René C. Jäggi was the club's chairman for the fifth year. FC Basel played their home games in the alternate Stadion Schützenmatte while the new stadium was being built and as of 15 March 2001 in the brand new St. Jakob-Park.

Overview 
Christian Gross was the first team trainer for the second season. Still forming his team, Basel made a number of signings before the season started. Goalkeeper Miroslav König, André Muff and Hakan Yakin signed in from Grasshopper Club. The two strikers Hervé Tum, from Sion, and Jean-Michel Tchouga, from Yverdon-Sports, joined to strengthen the attack. Ivan Ergic joined from Juventus and Carlos Varela was loaned from Servette.

In the other direction Luís Calapes moved to Xamax, Didier Tholot and Thomas Häberli to Young Boys and Agent Sawu to Wil. Also Pascal Zuberbühler went on a one-year loan to Bayer Leverkusen, Marco Tschopp on a one-year loan to Xamax and Edmond N'Tiamoah on a six-month loan to SR Delémont.

The Campaign

Friendly games 
Basel entered the Sempione Cup, which was played in Balsthal.
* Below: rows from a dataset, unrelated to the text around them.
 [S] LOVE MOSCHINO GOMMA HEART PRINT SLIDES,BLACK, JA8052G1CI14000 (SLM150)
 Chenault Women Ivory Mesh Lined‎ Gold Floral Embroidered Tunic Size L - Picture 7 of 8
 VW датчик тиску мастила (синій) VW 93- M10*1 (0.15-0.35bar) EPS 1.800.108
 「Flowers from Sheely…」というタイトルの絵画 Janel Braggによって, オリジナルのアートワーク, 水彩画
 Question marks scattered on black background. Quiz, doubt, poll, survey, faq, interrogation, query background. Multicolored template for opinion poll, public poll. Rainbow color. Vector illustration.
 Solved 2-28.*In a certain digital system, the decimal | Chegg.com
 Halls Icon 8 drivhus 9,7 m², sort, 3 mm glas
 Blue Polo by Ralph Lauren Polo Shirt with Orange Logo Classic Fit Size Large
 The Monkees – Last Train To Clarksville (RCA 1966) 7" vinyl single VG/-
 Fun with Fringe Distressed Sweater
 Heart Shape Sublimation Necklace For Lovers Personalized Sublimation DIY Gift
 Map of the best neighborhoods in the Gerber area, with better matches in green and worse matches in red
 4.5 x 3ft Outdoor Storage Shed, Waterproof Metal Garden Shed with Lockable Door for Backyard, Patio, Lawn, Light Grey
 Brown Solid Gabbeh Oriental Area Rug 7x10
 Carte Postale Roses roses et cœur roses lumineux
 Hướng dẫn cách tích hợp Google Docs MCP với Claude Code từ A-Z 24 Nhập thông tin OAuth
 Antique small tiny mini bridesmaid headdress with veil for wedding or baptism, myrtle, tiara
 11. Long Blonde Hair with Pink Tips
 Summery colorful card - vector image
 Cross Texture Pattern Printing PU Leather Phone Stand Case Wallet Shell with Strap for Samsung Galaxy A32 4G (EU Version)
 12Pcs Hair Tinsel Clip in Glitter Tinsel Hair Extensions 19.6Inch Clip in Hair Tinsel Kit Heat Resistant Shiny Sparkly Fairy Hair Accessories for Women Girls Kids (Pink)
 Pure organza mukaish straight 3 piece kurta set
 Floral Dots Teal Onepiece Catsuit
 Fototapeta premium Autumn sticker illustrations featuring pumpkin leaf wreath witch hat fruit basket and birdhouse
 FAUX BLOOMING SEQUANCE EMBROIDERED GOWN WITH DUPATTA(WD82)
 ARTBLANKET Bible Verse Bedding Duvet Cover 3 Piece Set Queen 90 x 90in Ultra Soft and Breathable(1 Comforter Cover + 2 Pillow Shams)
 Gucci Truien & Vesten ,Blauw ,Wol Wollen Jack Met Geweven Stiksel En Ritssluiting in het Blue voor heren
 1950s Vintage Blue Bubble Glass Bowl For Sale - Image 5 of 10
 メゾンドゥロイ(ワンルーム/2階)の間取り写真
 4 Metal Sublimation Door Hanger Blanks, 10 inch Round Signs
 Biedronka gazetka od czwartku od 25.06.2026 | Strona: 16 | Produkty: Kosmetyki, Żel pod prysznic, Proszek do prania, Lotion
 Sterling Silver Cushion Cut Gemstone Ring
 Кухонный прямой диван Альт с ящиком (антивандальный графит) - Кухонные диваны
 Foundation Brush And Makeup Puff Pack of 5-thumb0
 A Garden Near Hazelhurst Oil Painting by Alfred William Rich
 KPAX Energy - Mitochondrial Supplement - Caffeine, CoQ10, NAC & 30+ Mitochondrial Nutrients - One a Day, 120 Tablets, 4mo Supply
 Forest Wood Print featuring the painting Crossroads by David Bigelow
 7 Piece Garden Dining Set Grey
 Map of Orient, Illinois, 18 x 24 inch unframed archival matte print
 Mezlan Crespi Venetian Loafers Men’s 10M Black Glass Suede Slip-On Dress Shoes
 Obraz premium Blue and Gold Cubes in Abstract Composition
The first match against Brasilian team Ituano FC was won and the second match against Turkish team Besiktas Istanbul ended in a draw. Basel were placed second in the final classification.

Domestic League 
The Qualification Round to the League season 2000–01 was contested by twelve teams. The first eight teams of the regular season (or Qualification) then competed in the Championship Playoff Round. The regular season started on 15 July and ended on 10 December. The championship play-offs began on 25 February 2001 and ended on 26 May. The teams aim was to end the qualification round in the top four table and in the championship to reach the 2001–02 UEFA Cup. Basel started the regular season with three wins and three defeats, but then became somewhat more consistent, being defeated just once in the following 12 matches. The end of the first half of the regular season ended very disappointing as the team lost four of the last five games and slipped to fifth position in the league table.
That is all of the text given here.